On the camera now is a Schneider-Kreuznach Symmar-S 210mm &#402;/5.6
I also have a Caltar II-N 150mm &#402;/5.6

I'm totally new to 4x5 so I don't know how good or not so good these lenses are. I got a bunch of film holders, a scanner, a developing tank, sync cable and a new pack of Portra in the deal too.
I'm looking forward to having some fun with this one.


----------



## Rick58 (Apr 4, 2013)

Both lenses are desent lenses. LF is a fun, different world.


----------



## Mully (Apr 4, 2013)

Shooting with a view camera is a treat...... this is when I wish I still shot film!   Post some work when you get something


----------



## duhast (Apr 4, 2013)

Very cool. I hate you.... (jk)


----------



## 2WheelPhoto (Apr 4, 2013)

Nice!


----------



## rickmarquez (Apr 4, 2013)

I'm really excited to do some portraits with this for the new portfolio. 
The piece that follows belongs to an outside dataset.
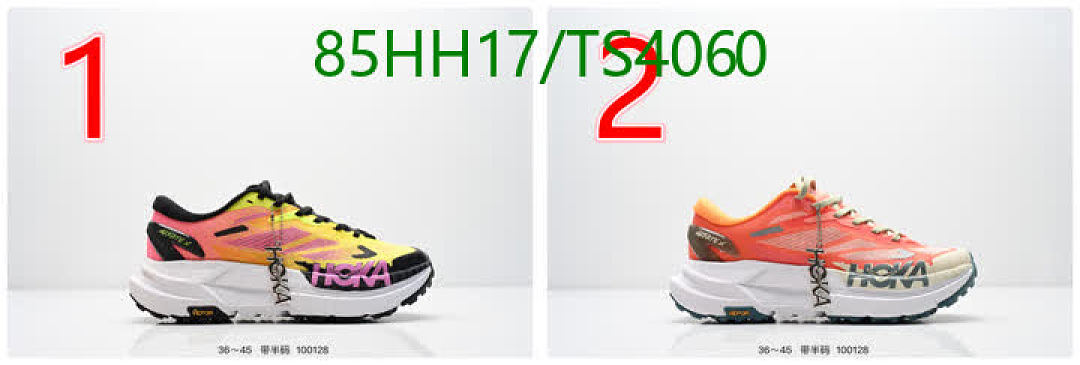 Hoka-Men shoes Code: TS4060 $: 85USD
Here are the first two shots with it. I messed up when loading the film in or out of the holder so that's the what the big light leak is from on these





One shot with each lens just to try it out.


----------



## Derrel (Apr 5, 2013)

ttp://www.largeformatphotography.info/forum/showthread.php?80093-CALTAR-S-II-210mm-f5-6-Vs-Schneider-Kreuznach-Symmar-210-5-6


----------



## dxqcanada (Apr 5, 2013)

Don't feel self conscious in public with a black sheet over your head !!


----------